> What is expected:
All of the entries are to be printed exactly as they appear.

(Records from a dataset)
Content starts
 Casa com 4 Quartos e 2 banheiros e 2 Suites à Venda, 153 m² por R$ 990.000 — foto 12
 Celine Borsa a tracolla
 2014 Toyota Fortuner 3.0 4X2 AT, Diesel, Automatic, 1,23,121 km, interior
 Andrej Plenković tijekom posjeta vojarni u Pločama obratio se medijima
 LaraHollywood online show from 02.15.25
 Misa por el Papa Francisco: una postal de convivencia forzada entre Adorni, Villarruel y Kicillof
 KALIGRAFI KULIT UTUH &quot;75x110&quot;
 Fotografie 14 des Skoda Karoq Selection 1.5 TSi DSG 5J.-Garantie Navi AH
Content ends
> Exercise result:
 Casa com 4 Quartos e 2 banheiros e 2 Suites à Venda, 153 m² por R$ 990.000 — foto 12
 Celine Borsa a tracolla
 2014 Toyota Fortuner 3.0 4X2 AT, Diesel, Automatic, 1,23,121 km, interior
 Andrej Plenković tijekom posjeta vojarni u Pločama obratio se medijima
 LaraHollywood online show from 02.15.25
 Misa por el Papa Francisco: una postal de convivencia forzada entre Adorni, Villarruel y Kicillof
 KALIGRAFI KULIT UTUH &quot;75x110&quot;
 Fotografie 14 des Skoda Karoq Selection 1.5 TSi DSG 5J.-Garantie Navi AH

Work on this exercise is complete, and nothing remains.